___ RECORDS SUPPLIED ___
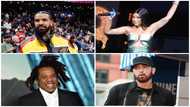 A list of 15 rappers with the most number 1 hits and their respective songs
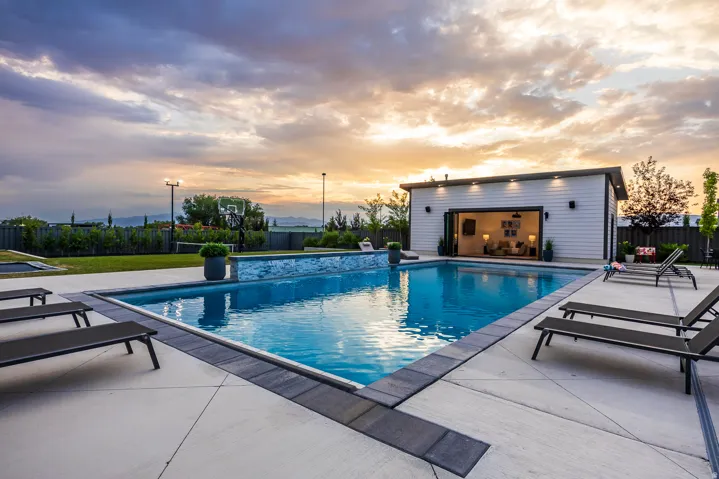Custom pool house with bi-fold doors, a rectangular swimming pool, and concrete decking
___
___ RECORDS SUPPLIED ___
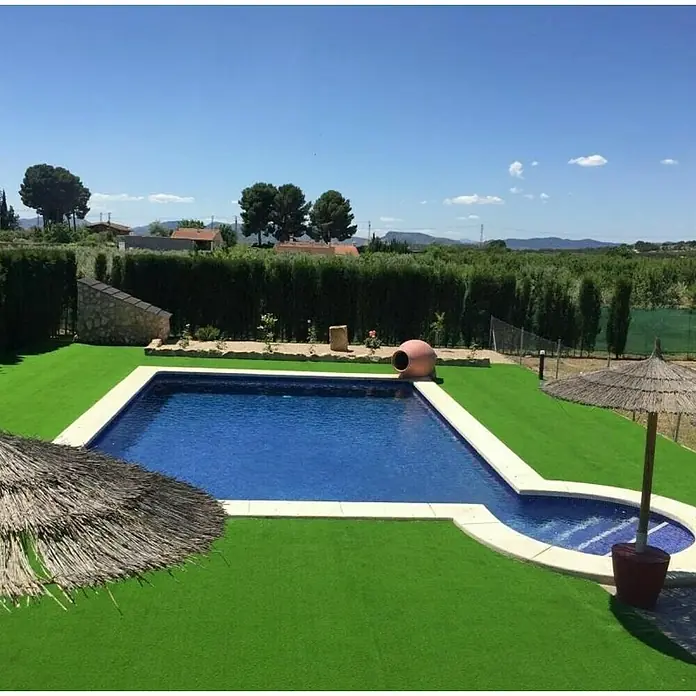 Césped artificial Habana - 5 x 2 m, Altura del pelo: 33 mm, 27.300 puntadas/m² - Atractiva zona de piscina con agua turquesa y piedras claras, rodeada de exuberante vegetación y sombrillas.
___
ACTIVITY: Transcribe exactly the lines above, beginning at the one with "A list of 15" and going up to and including the one with "Custom pool house". Pictures do not belong in the copy.

WRITTEN ANSWER:
 A list of 15 rappers with the most number 1 hits and their respective songs
Custom pool house with bi-fold doors, a rectangular swimming pool, and concrete decking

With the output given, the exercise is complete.